Youssef Nabil : De rêver encore
Exposition des photographies coloriées à la main de Youssef Nabil, présentée dans les salles orientalistes du musée d’Orsay
Photographies peintes à la main, face à l’orientalisme d’Orsay
« Youssef Nabil. De rêver encore » est une exposition de photographie contemporaine présentée au musée d’Orsay du 19 mai au 13 septembre 2026, le retour d’un artiste là où son regard s’est formé.
LA COULEUR À LA MAIN : UNE SIGNATURE NÉE DANS LE CINÉMA ÉGYPTIEN
Tout, chez Youssef Nabil, commence par un geste lent. Il photographie en noir et blanc sur pellicule argentique – la photo d’avant le numérique –, puis colorise chaque tirage à la main, touche après touche. Ce procédé vient de loin : de l’âge d’or du cinéma égyptien et des affiches peintes qui couvraient les rues du Caire de son enfance, où le bleu et les teintes chaudes prêtaient aux visages un éclat irréel. Le résultat tient moins de la photographie documentaire que de l’image de film : un instant arrêté, déjà nimbé de souvenir. Photographe-vidéaste franco-égyptien né au Caire en 1972, il en a tiré une manière aussitôt reconnaissable : chaque épreuve, coloriée séparément, devient une pièce unique.
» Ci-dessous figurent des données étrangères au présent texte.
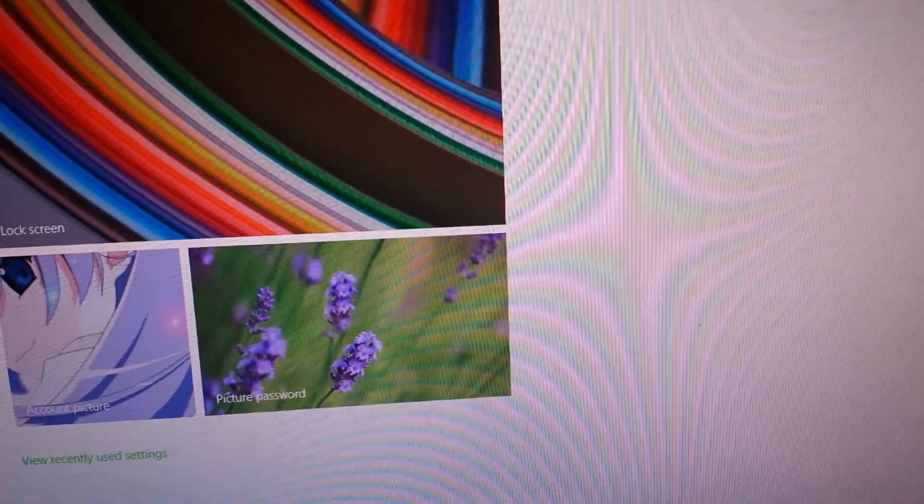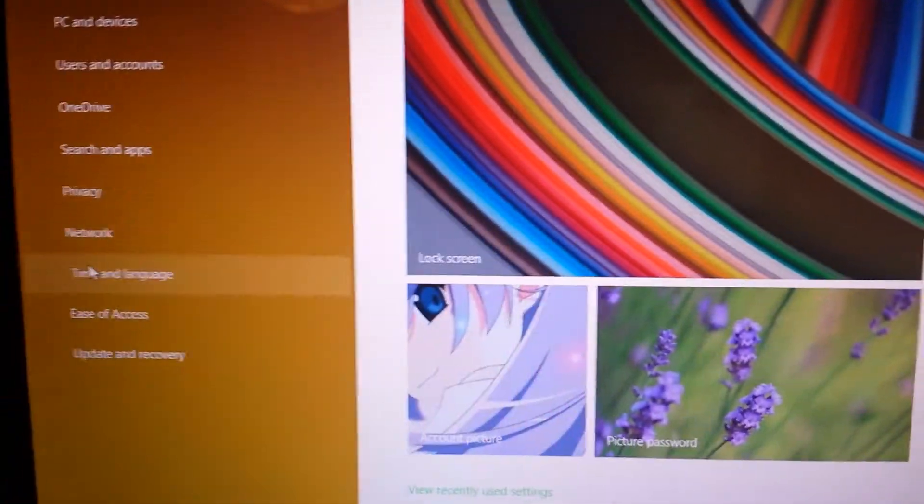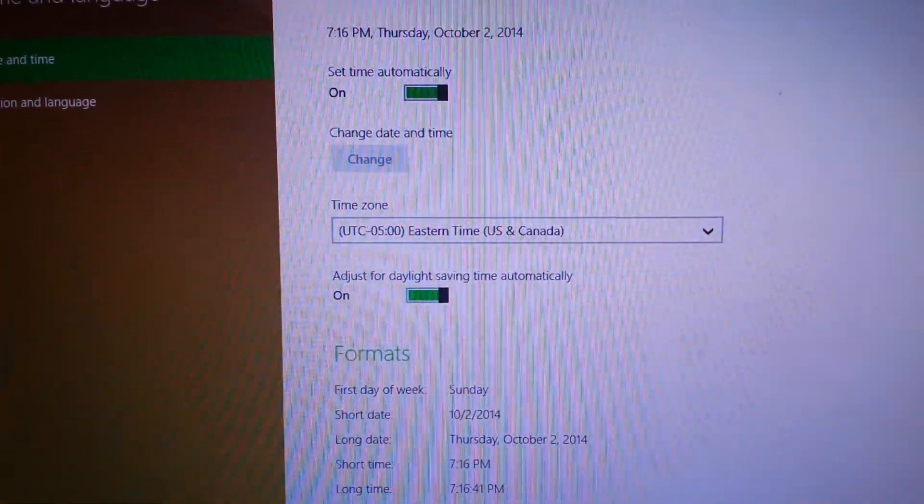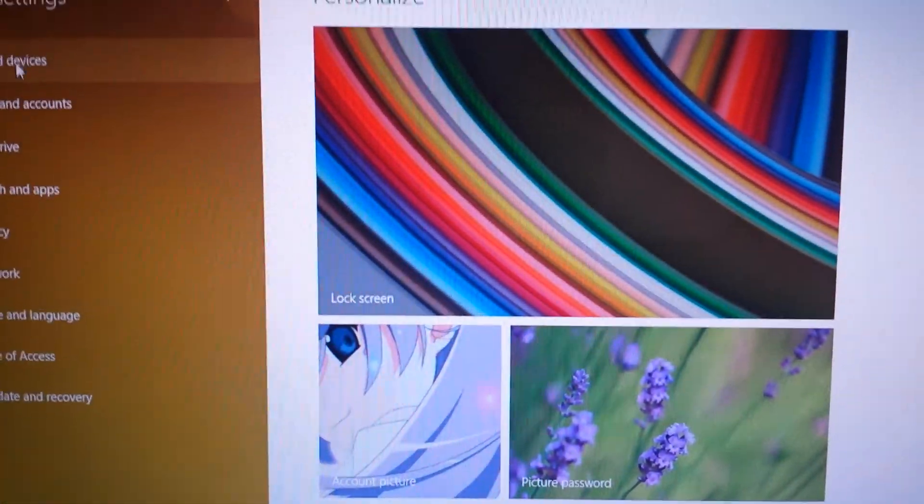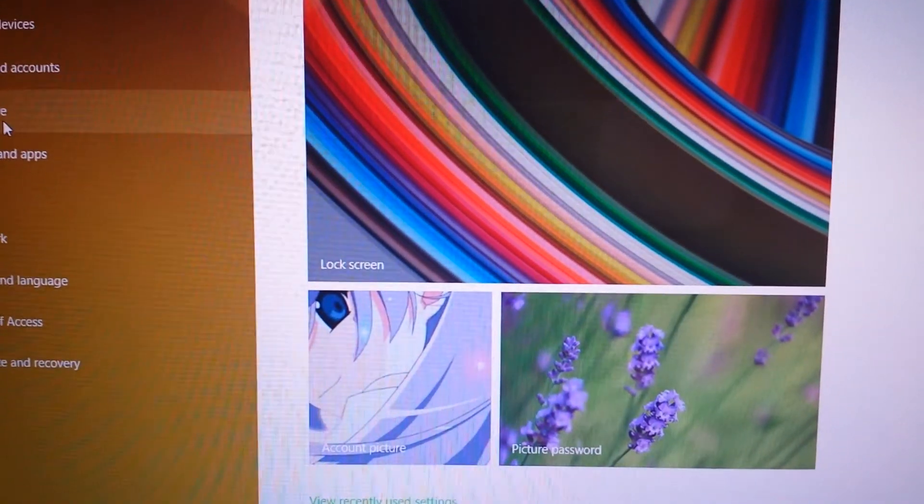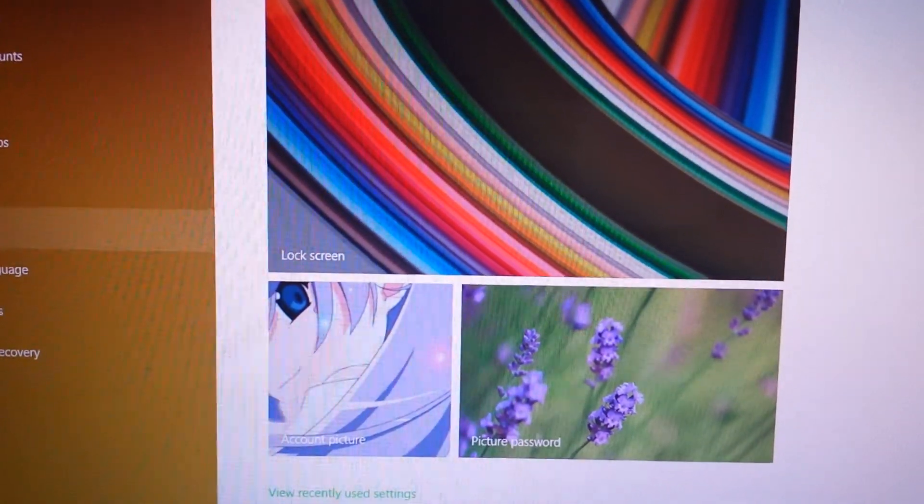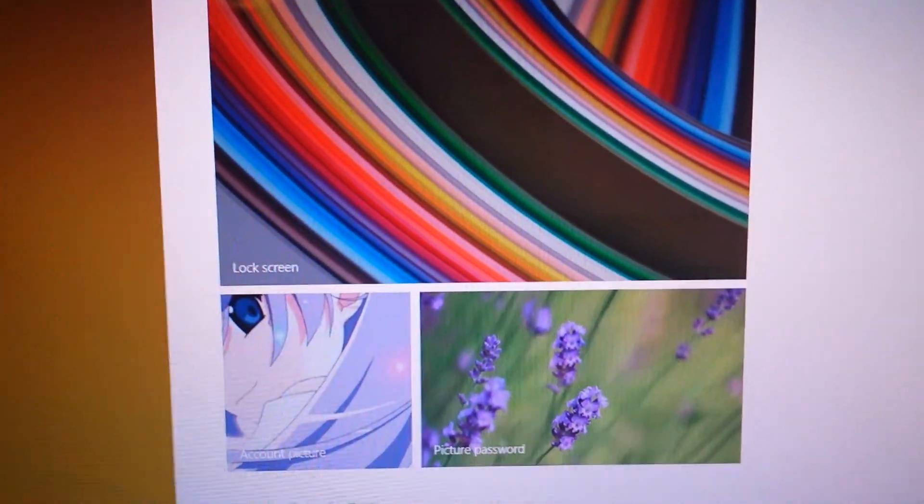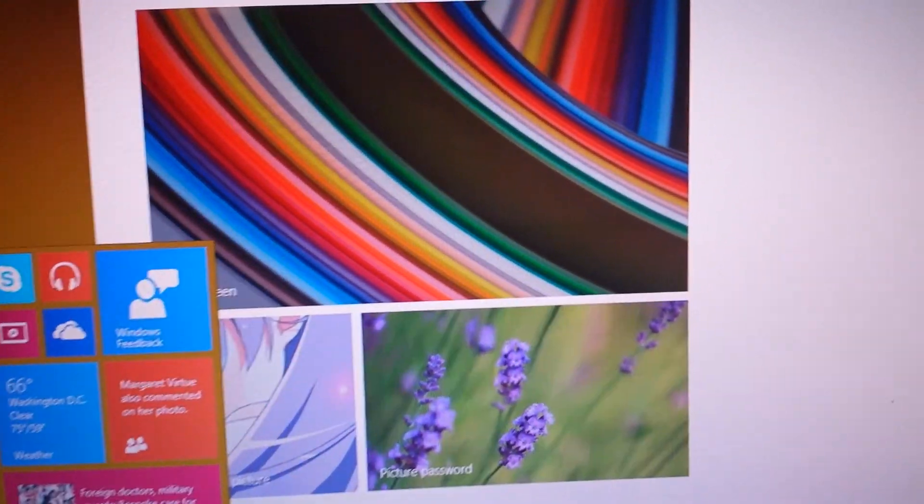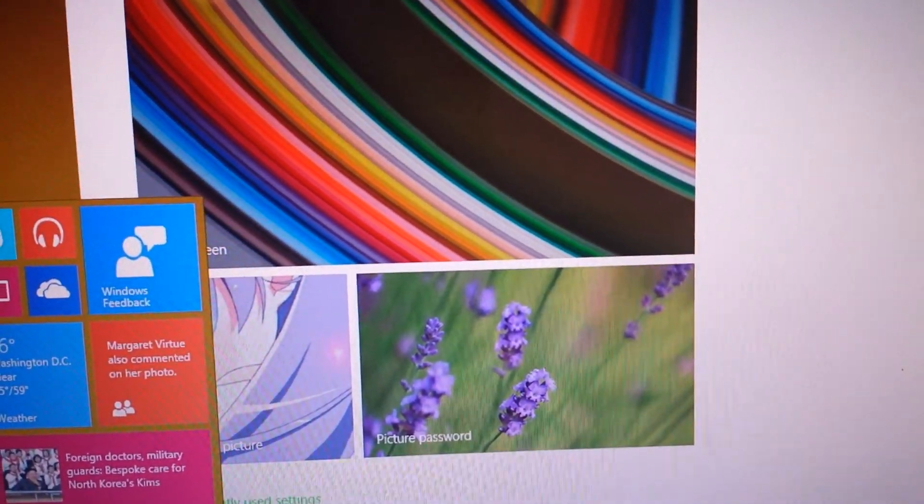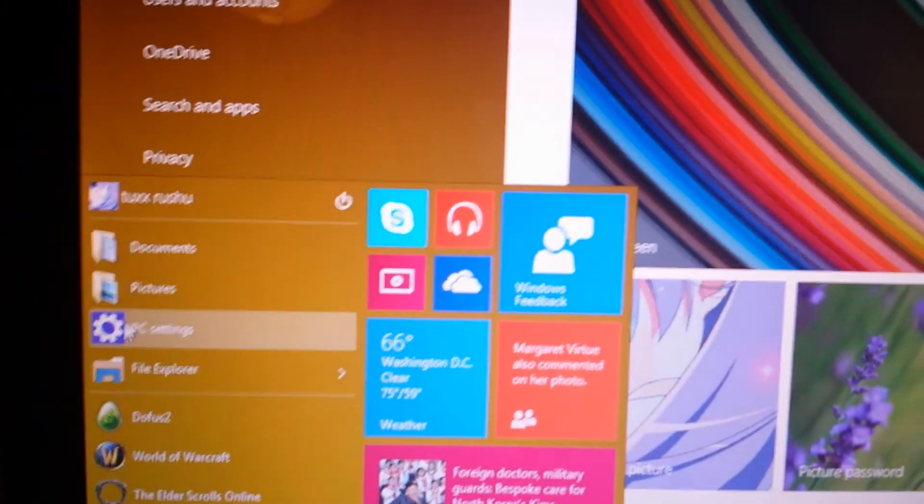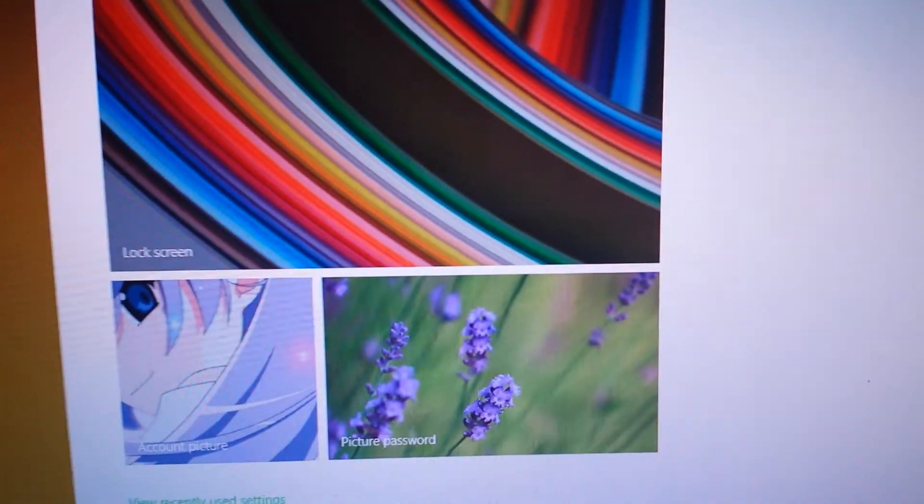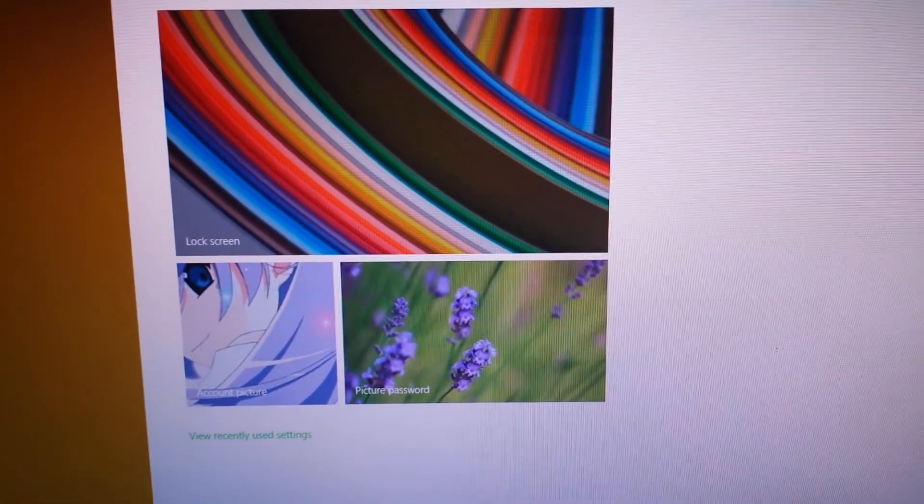Let's see here. Recovery, network, date and time, PC and devices, OneDrive, searching apps, network. Yeah I guess I'm going to have to keep digging here and I will update later about the control panel. Because you'd think it would be right under PC settings or file explorer, but it doesn't seem to be. Very interesting.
Cette méthode raconte d’abord une histoire personnelle. Dès les années 1990, Nabil photographie écrivains, chanteurs et stars du cinéma arabe, qu’il met en scène comme des personnages de film. En 2003, il quitte l’Égypte pour la Cité internationale des arts, à Paris, puis s’installe entre Paris et New York. De cet éloignement naissent des autoportraits où il se montre de dos, le visage dérobé, et où reviennent l’exil, le rêve et la nostalgie. La couleur posée à la main, un peu passée, y fixe l’Égypte rêvée et idéalisée de l’enfance, celle que la mémoire réinvente plus qu’elle ne la décrit.
RETOUR À ORSAY : LA VISITE DE 1992 DEVENUE EXPOSITION
En 1992, le jeune Cairote, venu en France pour la première fois, pousse les portes du musée d’Orsay. La visite est décisive, au point de devenir le fil de toute l’exposition. Son autoportrait The Dream (2021) en garde la trace : le commissariat le place en filiation avec Le Rêve (1883) de Pierre Puvis de Chavannes, peintre symboliste – un art tourné vers les rêves et les visions intérieures, loin du monde visible – dont les figures endormies l’ont durablement marqué. Avec ce projet, Youssef Nabil devient le premier artiste contemporain à investir les salles orientalistes du musée.
L’exposition a été conçue par Sylvain Amic et par Nicolas Gausserand. Son titre vient de loin : « De rêver encore » emprunte une réplique de Caliban de La Tempête de Shakespeare, qui dit pleurer « d’envie de rêver encore », donnant au titre une portée politique. Cette résonance trouve son écho dans des œuvres symbolistes réunies pour le projet.